Tombstone Tuesday: Between Censuses

I have a *thing* for children who lived short existences between federal censuses. The U.S. census is taken every 10 years. Many children were born and died between the time a census was taken. They don't show up as being part of a family on those records.

Whenever I visit a cemetery to track my own ancestors, I always do a quick check of the whole lot for "children between censuses," as I call them. Then I take pictures as a way to record their existence. It's weird, I know, but I just don't want anyone to be forgotten.

Today's child between censuses is Myrtle Chadwell. She is buried in Kelley-Rogers Cemetery in Cameron, Louisiana.

Note the Mardi Gras beads. I don't know if someone put them there, lost them there or they just settled there after Hurricane Ike.
Hopefully a blog visitor down the road sees this photo and can fit Myrtle into his or her family tree. She belongs to someone, somewhere. Just don't look for her in a federal census.


  1. I always check for those little ones, too!

  2. I do that too, but it always makes me so sad. Before I had my daughter, I couldn't even stand to look at them. Now I feel that it's somebody's (my) obligation to remember these little ones.

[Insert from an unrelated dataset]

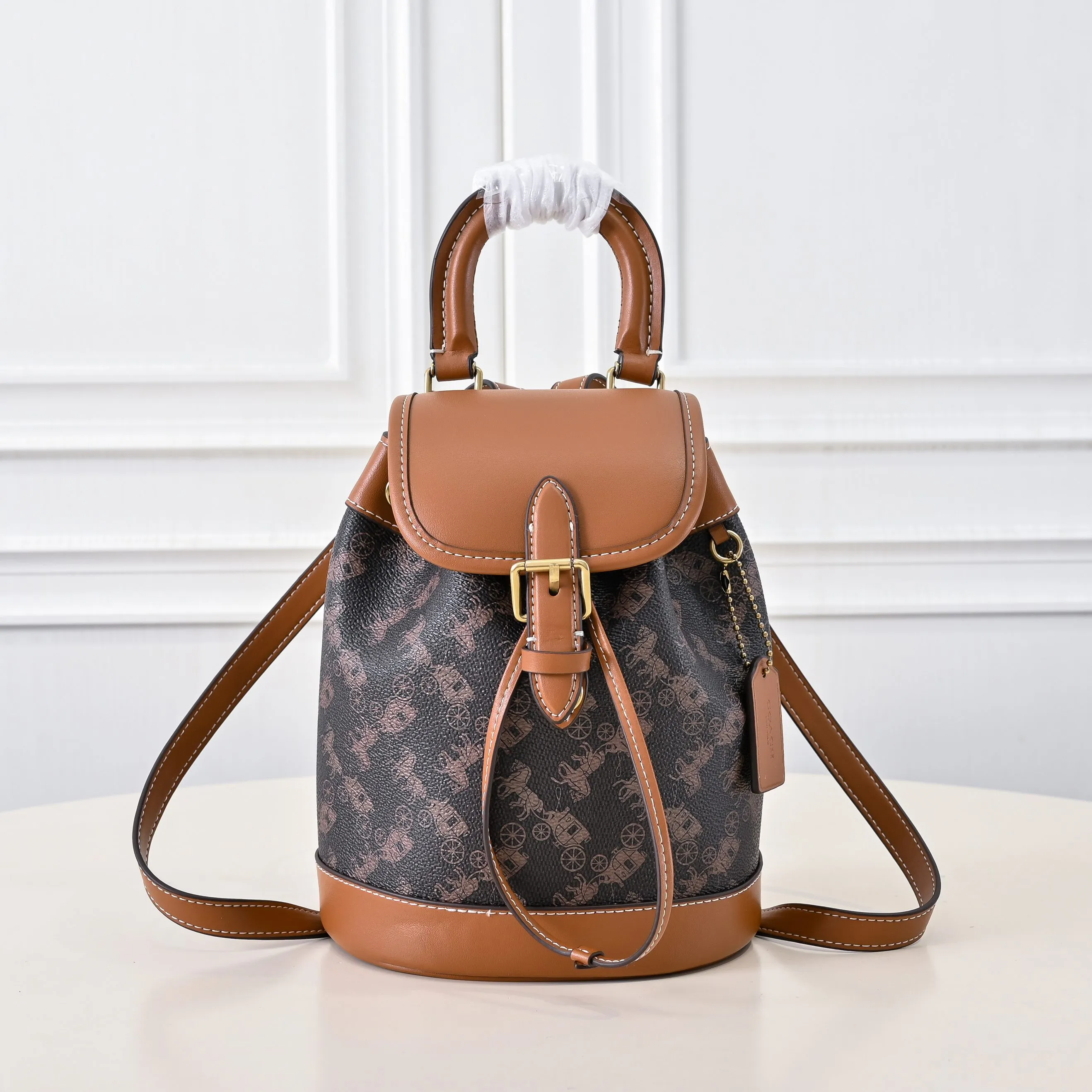 Style number: CAM31 Size: 17*11*22.5cm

  3. What a wonderful thing to do. Recently we were in a cemetery in McMinn County, Tn and my son said you have to come over here and see all these graves of little children.It was sad most of the names could no longer be read.

  4. Another one here. I used to just look at their graves, but now I want to record them, too. I have seen glass beads on a number of recent graves in the Northern Virginia area and have a picture of some on my Graveyard Rabbit blog; I still don't know what the significance is, though.

  5. What a great idea! I might do the same since I'm within walking distance of a great old cemetery.